◆ DATA SHOWN:

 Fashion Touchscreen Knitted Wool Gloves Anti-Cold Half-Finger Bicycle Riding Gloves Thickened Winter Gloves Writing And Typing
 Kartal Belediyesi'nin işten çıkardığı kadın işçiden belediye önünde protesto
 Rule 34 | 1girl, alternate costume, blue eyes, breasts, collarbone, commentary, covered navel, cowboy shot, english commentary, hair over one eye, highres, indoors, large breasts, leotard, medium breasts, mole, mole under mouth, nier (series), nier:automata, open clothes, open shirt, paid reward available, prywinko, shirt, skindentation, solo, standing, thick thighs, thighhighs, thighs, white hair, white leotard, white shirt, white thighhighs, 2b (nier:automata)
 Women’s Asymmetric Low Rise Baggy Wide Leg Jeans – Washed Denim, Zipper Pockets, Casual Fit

...

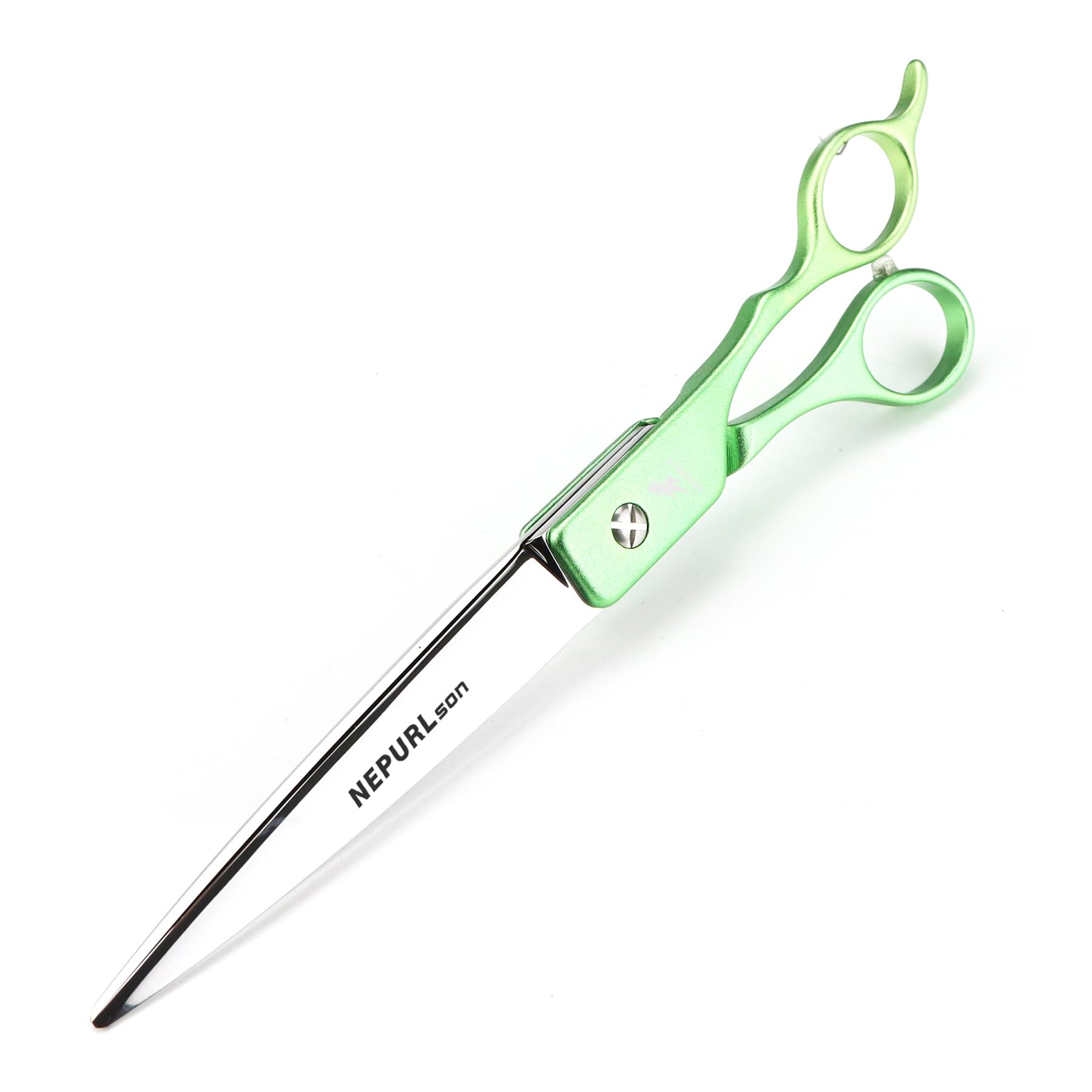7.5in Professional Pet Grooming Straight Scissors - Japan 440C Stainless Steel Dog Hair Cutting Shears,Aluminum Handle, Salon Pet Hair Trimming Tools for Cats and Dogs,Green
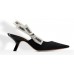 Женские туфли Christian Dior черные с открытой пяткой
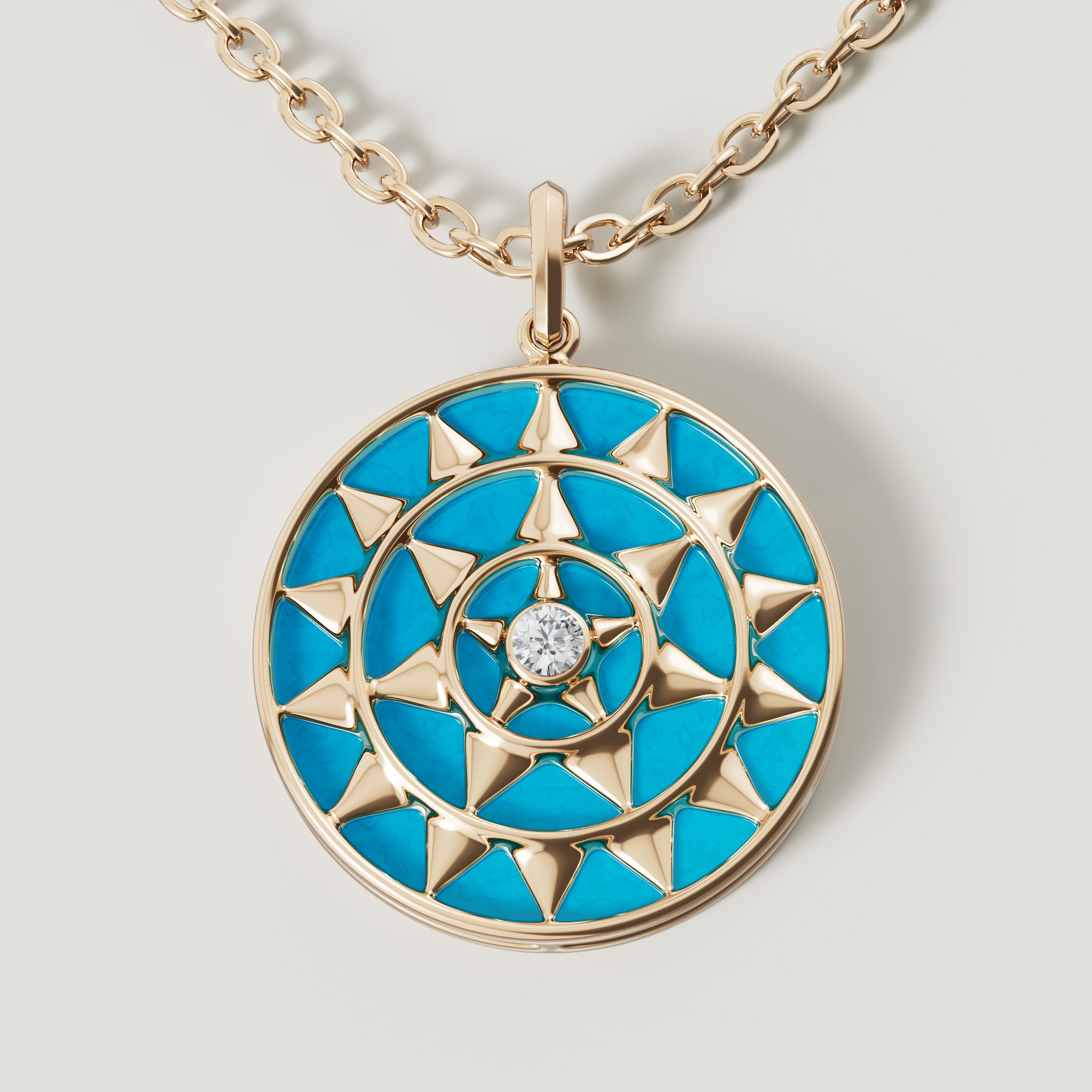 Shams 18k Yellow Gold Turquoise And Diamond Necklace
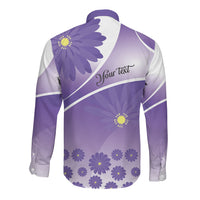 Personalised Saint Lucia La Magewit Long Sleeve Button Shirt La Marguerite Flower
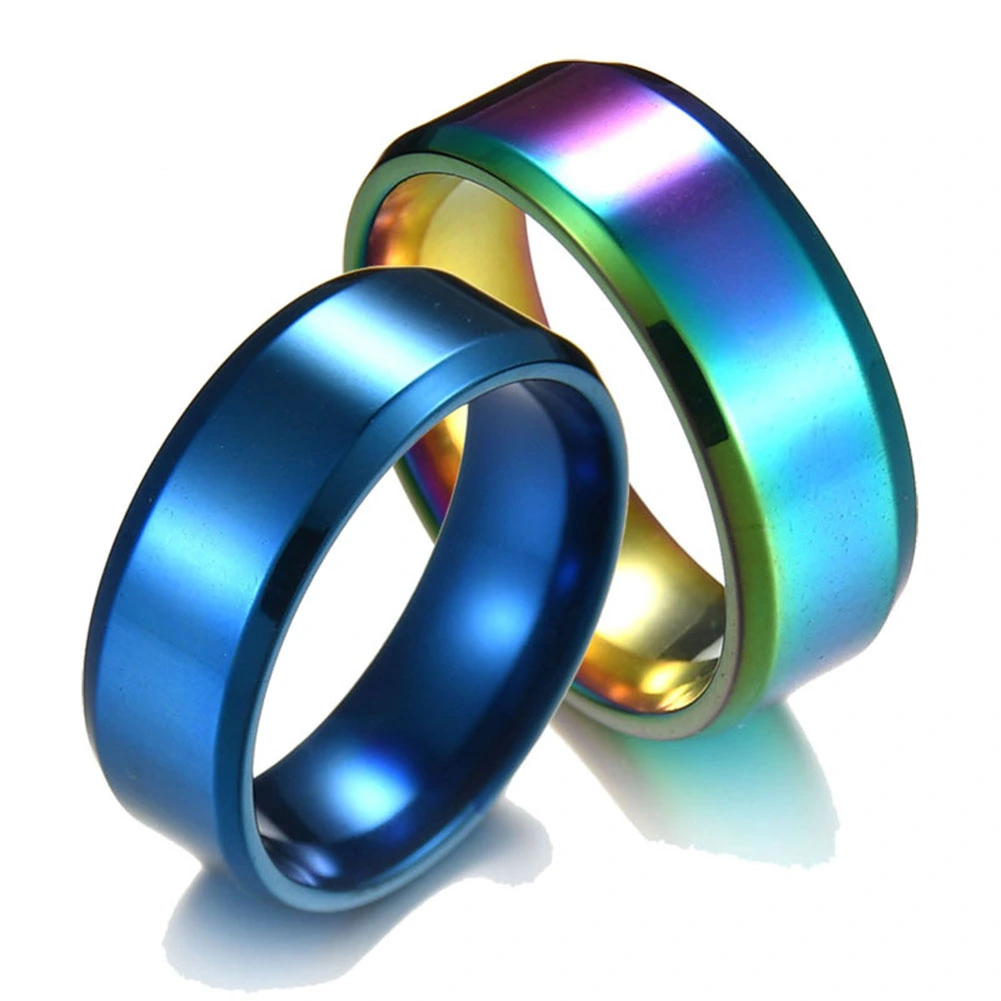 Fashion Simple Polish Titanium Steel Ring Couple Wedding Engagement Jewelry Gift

◆ REQUIREMENT: For the entries above, print exactly the lines between the one with "Personalised Saint Lucia" and the one with "Fashion Simple Polish", inclusive, with no pictures.

◆ ANSWER TO THIS TASK:
 Personalised Saint Lucia La Magewit Long Sleeve Button Shirt La Marguerite Flower
 Fashion Simple Polish Titanium Steel Ring Couple Wedding Engagement Jewelry Gift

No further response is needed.